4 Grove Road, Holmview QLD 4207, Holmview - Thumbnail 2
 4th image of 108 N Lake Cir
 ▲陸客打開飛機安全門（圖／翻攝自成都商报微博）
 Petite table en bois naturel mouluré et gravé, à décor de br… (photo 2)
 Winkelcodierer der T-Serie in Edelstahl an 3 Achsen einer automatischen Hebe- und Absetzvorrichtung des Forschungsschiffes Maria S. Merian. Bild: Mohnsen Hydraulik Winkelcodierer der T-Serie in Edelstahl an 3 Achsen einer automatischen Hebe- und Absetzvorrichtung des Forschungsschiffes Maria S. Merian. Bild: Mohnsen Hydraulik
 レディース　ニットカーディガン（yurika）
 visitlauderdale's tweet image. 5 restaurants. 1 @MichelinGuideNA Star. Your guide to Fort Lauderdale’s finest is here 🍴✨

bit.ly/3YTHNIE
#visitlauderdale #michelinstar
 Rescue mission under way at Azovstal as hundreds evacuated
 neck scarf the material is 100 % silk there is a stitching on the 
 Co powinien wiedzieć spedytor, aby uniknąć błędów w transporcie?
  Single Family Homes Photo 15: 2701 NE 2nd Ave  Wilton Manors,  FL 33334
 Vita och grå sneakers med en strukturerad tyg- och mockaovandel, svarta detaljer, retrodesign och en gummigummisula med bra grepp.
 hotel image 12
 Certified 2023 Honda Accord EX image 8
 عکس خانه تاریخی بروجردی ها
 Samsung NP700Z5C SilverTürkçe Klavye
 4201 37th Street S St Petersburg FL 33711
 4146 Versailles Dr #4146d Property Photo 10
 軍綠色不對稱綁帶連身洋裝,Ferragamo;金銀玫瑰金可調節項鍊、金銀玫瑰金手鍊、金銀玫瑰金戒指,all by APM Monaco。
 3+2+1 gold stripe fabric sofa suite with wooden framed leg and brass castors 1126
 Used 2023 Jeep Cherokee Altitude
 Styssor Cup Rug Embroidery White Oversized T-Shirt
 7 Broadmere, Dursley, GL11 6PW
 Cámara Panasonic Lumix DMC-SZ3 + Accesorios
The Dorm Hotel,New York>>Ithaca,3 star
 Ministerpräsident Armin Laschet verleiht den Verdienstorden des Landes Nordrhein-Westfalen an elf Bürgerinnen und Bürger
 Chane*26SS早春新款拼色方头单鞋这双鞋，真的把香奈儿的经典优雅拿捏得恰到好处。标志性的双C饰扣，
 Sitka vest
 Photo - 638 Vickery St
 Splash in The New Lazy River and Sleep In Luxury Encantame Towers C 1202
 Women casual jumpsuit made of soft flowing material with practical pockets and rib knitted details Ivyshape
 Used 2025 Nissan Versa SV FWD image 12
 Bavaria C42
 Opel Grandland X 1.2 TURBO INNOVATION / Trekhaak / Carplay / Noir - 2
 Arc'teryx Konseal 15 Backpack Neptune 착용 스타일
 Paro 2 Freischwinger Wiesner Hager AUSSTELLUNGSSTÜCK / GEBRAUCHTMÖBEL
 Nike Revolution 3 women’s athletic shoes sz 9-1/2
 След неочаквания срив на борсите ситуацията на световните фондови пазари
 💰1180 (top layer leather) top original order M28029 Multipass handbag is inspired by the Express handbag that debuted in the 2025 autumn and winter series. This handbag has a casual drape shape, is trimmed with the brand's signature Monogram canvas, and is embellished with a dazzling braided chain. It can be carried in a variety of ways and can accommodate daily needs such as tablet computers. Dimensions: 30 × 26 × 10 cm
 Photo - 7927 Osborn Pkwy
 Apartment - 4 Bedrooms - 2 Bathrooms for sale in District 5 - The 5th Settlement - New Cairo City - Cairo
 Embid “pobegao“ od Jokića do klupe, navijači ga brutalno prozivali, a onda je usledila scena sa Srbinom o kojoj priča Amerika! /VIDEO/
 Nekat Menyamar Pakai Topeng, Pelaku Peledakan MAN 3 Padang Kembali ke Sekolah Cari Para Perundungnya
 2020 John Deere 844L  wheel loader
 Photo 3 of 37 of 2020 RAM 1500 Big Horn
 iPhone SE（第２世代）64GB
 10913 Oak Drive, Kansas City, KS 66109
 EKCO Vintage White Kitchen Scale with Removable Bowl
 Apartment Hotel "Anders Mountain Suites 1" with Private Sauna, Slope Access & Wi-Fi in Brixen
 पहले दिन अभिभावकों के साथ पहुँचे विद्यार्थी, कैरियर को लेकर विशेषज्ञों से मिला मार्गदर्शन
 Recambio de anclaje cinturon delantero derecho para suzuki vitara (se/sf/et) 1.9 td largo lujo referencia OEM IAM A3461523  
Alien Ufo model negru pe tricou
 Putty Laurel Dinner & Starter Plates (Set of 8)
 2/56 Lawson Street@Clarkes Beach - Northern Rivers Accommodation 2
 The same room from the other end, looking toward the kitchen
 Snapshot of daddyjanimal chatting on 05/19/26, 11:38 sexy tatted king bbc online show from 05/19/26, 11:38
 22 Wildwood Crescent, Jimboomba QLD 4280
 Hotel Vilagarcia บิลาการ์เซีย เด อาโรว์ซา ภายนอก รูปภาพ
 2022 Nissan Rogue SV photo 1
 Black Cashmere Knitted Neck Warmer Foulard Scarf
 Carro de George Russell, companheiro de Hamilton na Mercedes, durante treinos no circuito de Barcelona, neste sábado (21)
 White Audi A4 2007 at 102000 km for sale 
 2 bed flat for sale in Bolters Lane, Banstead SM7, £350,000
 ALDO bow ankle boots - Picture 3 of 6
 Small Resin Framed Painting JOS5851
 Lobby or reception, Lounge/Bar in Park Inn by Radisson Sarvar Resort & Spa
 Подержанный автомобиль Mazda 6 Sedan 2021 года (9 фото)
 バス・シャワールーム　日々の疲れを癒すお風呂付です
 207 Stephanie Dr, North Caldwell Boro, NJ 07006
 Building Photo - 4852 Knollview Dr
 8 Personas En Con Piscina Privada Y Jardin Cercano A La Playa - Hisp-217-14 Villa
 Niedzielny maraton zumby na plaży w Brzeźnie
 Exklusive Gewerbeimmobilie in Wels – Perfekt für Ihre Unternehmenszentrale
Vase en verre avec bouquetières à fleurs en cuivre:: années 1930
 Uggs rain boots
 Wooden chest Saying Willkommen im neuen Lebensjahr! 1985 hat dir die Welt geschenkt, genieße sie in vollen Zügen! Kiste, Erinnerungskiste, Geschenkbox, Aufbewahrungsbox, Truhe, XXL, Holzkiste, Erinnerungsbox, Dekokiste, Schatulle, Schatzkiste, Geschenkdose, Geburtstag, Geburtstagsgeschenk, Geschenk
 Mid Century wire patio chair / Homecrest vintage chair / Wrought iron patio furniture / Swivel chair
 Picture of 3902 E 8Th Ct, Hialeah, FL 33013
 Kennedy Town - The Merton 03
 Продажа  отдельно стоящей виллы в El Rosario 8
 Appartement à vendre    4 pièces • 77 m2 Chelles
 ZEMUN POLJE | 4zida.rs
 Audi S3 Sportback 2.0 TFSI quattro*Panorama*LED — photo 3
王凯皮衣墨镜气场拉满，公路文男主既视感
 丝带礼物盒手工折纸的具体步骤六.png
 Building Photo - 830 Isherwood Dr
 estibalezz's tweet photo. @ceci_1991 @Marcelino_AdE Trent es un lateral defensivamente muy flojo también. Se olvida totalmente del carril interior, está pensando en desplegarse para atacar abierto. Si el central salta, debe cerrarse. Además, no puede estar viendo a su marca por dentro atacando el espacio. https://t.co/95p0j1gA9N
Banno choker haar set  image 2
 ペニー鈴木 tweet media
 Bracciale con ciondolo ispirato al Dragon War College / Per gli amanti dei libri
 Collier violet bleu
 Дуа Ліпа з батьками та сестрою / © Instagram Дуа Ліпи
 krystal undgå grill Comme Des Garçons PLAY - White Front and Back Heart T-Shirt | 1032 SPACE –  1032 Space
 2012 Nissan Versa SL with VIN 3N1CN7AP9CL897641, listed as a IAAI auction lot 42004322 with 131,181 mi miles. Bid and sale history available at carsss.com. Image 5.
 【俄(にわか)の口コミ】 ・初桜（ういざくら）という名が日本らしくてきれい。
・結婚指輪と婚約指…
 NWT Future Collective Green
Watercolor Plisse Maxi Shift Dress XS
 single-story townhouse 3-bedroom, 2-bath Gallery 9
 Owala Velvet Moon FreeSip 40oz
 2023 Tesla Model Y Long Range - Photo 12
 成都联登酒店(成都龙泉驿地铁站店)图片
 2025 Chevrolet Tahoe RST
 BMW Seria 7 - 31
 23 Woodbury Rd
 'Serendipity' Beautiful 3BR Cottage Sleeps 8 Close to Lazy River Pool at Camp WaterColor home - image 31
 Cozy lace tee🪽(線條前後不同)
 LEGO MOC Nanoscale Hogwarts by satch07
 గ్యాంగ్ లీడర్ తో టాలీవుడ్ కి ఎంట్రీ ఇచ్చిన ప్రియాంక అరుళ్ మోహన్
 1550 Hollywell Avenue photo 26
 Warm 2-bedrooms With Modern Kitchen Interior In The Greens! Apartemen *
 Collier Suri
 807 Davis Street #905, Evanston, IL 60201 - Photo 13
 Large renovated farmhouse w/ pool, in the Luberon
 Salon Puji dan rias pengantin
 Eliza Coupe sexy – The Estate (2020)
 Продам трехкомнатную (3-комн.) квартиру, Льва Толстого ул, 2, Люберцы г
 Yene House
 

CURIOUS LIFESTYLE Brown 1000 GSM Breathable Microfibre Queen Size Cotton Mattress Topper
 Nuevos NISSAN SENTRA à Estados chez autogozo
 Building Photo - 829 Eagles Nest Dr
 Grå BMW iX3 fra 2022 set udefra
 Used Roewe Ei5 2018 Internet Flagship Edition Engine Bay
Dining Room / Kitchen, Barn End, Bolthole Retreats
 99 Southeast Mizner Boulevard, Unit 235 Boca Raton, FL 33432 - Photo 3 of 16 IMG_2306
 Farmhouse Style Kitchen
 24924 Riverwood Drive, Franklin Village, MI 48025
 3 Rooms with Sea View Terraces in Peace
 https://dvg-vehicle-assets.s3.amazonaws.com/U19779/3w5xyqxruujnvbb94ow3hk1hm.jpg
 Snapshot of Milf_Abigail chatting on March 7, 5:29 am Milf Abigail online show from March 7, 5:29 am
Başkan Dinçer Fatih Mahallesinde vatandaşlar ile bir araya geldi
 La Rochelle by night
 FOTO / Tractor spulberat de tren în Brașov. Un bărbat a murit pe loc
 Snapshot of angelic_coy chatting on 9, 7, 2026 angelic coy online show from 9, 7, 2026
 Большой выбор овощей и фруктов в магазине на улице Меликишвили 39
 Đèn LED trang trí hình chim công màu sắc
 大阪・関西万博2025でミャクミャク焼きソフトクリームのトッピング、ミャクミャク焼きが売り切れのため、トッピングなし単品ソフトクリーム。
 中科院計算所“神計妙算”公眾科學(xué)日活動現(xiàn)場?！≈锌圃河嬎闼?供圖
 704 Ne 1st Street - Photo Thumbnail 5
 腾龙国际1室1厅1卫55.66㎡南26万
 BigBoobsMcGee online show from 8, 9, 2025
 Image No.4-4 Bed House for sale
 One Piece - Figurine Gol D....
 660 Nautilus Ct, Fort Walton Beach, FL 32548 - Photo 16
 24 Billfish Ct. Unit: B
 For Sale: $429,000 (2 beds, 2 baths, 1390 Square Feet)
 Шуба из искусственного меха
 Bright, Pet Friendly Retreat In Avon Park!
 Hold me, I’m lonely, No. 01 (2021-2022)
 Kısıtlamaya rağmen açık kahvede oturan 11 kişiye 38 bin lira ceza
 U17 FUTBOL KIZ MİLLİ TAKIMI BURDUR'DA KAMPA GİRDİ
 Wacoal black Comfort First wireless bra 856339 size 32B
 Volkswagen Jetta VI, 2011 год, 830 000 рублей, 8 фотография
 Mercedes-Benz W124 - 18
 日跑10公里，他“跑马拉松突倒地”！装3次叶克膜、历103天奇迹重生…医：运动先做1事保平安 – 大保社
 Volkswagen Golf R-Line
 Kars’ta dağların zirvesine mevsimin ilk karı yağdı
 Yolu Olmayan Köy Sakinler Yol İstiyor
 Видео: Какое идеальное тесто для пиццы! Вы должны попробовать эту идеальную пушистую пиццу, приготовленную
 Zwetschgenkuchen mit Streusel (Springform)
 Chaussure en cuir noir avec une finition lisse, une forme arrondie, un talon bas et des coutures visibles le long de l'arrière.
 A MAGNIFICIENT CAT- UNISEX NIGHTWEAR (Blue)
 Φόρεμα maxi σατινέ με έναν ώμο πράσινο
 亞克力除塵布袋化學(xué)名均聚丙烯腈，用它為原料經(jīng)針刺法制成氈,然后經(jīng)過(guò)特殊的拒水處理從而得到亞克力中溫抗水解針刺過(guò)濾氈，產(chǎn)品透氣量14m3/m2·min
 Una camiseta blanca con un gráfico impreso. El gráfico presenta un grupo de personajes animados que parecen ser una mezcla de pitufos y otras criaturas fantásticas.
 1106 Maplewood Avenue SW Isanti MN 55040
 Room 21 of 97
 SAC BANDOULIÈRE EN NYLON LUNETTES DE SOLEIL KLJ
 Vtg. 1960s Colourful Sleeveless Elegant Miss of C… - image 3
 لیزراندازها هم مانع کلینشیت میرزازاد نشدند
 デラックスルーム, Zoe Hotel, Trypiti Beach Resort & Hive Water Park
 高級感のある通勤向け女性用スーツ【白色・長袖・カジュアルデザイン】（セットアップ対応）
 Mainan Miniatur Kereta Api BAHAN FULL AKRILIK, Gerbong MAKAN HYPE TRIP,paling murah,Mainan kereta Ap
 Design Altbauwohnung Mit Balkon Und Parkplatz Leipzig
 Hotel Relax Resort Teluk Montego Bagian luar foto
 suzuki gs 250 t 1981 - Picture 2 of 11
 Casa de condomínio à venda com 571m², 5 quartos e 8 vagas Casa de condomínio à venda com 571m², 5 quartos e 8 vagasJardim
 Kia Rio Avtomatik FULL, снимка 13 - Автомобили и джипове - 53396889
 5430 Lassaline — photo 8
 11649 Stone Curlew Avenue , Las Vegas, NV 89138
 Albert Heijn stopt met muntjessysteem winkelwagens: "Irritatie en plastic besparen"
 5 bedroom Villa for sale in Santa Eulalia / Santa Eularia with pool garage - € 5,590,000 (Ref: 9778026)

☆ ☆ ☆ ☆ ☆

When you reach the line with "Collier violet bleu" in the records above, start writing out lines exactly, and stop once the line with "krystal undgå grill" has been written; include nothing else.

 Collier violet bleu
 Дуа Ліпа з батьками та сестрою / © Instagram Дуа Ліпи
 krystal undgå grill Comme Des Garçons PLAY - White Front and Back Heart T-Shirt | 1032 SPACE –  1032 Space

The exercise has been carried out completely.